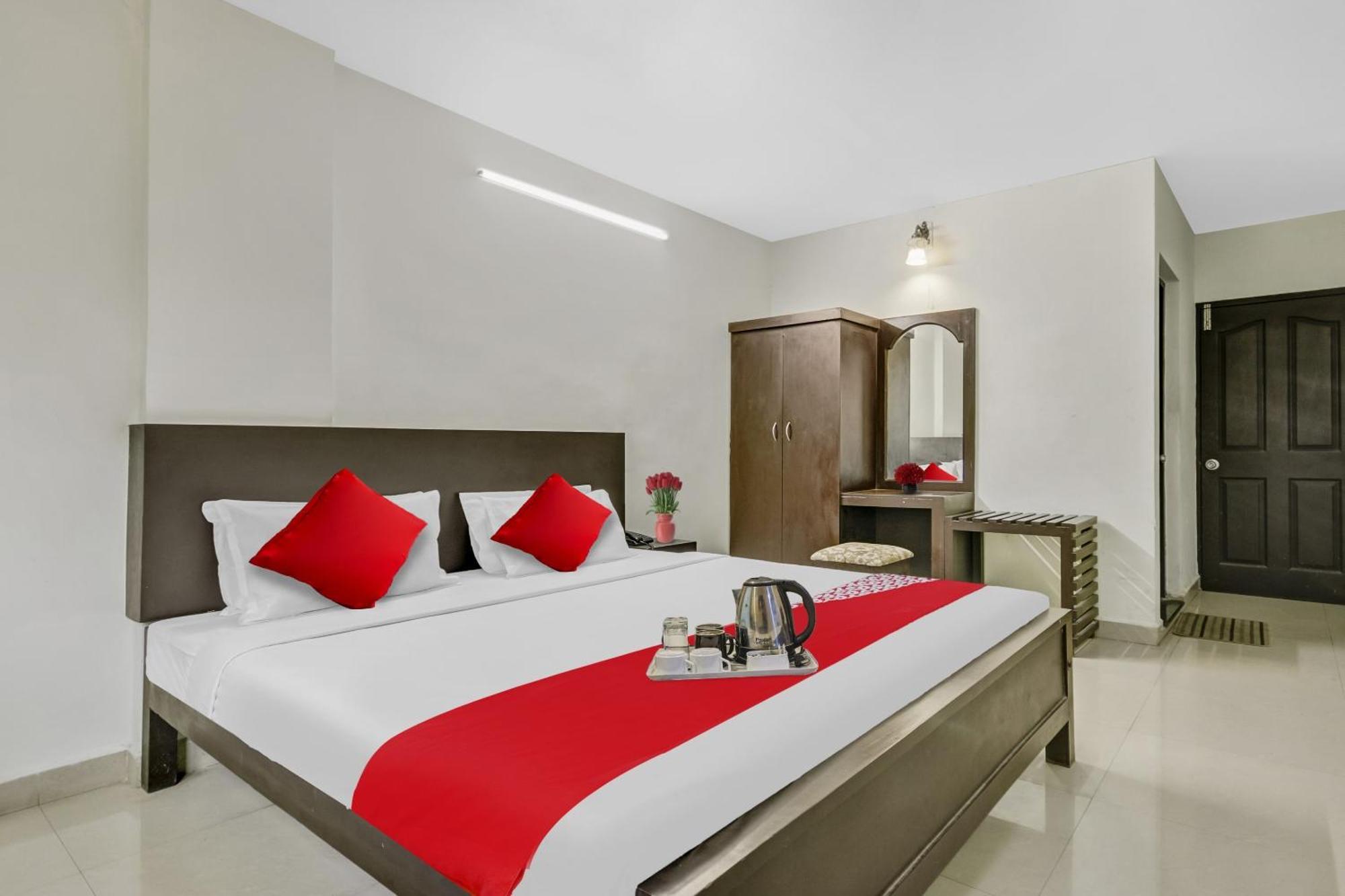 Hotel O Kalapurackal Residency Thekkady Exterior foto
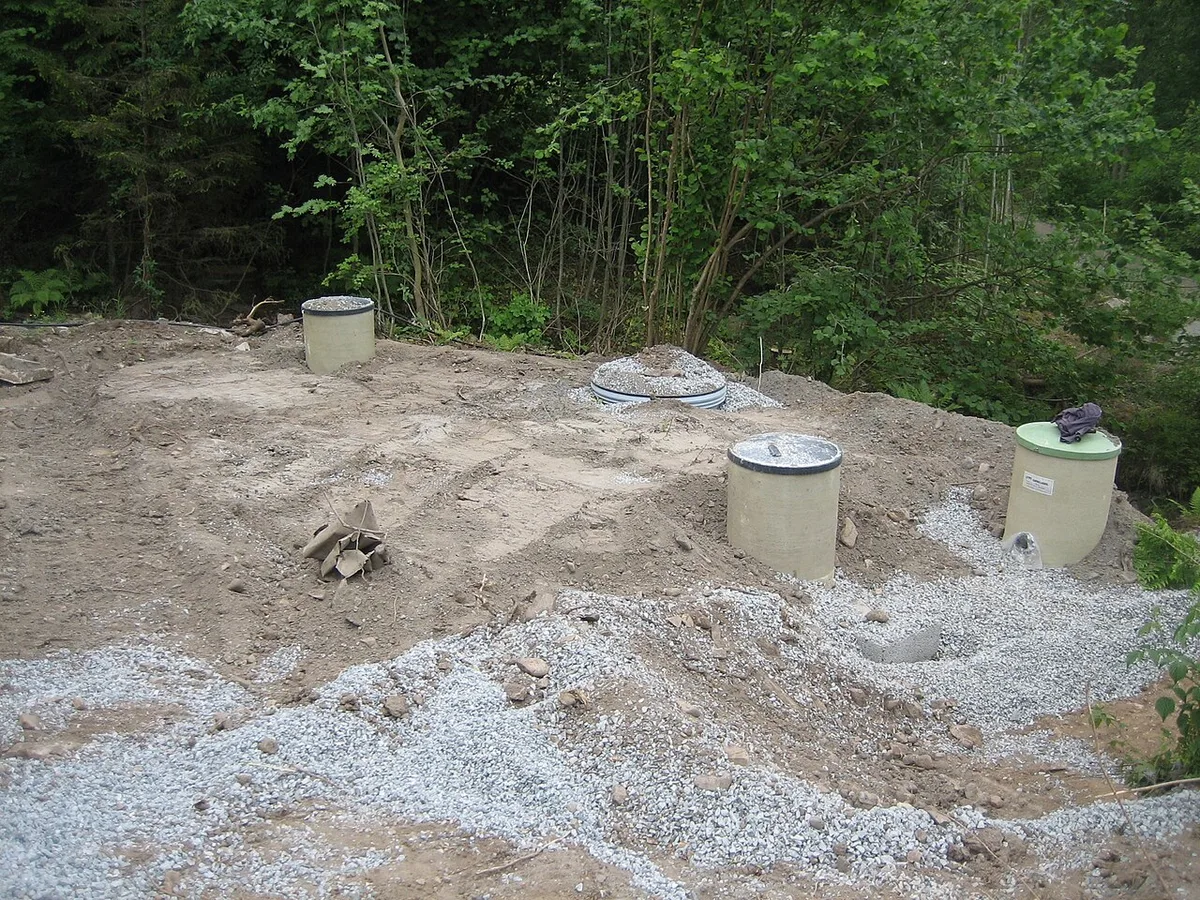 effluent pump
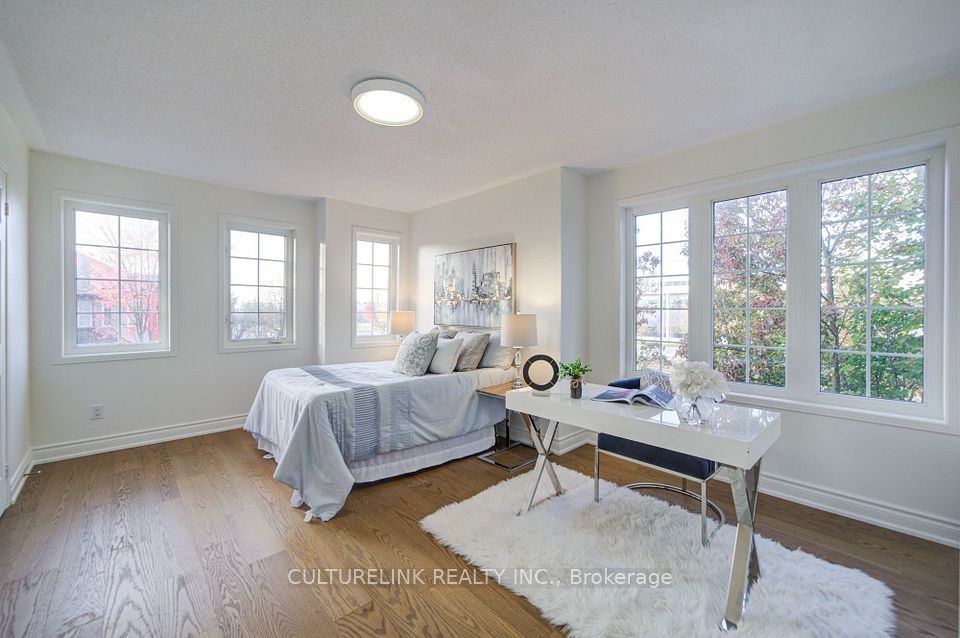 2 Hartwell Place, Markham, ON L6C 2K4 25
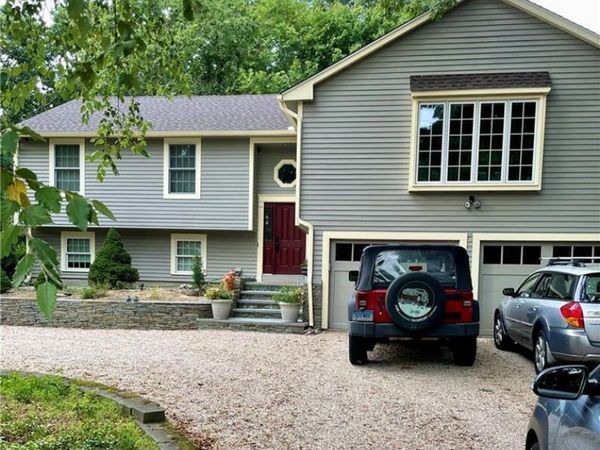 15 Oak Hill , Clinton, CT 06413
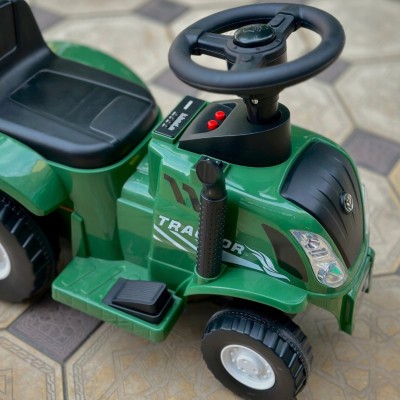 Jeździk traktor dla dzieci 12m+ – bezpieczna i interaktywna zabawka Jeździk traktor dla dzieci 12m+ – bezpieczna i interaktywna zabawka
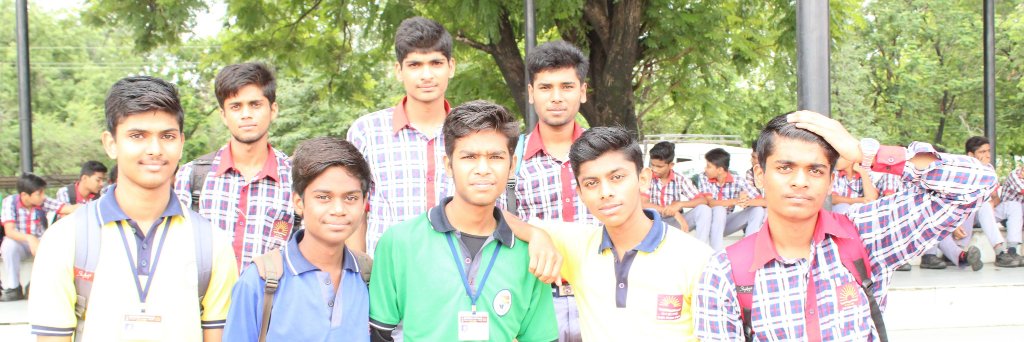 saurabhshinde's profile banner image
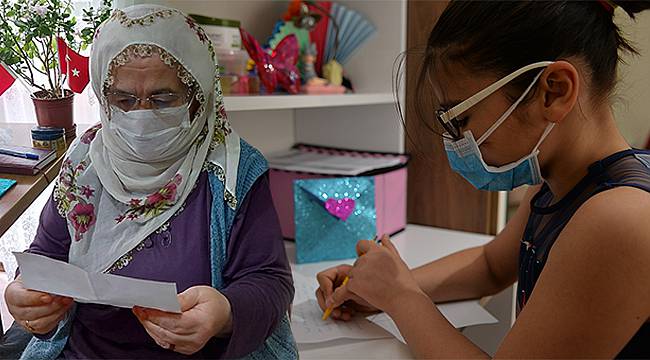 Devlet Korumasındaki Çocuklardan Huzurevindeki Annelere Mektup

### YOUR INSTRUCTIONS
Nothing but the lines from the one that contains "saurabhshinde's profile banner image" through the last line of the material should be written out, exactly. Omit pictures.

### COMPLETED EXERCISE
 saurabhshinde's profile banner image
 Devlet Korumasındaki Çocuklardan Huzurevindeki Annelere Mektup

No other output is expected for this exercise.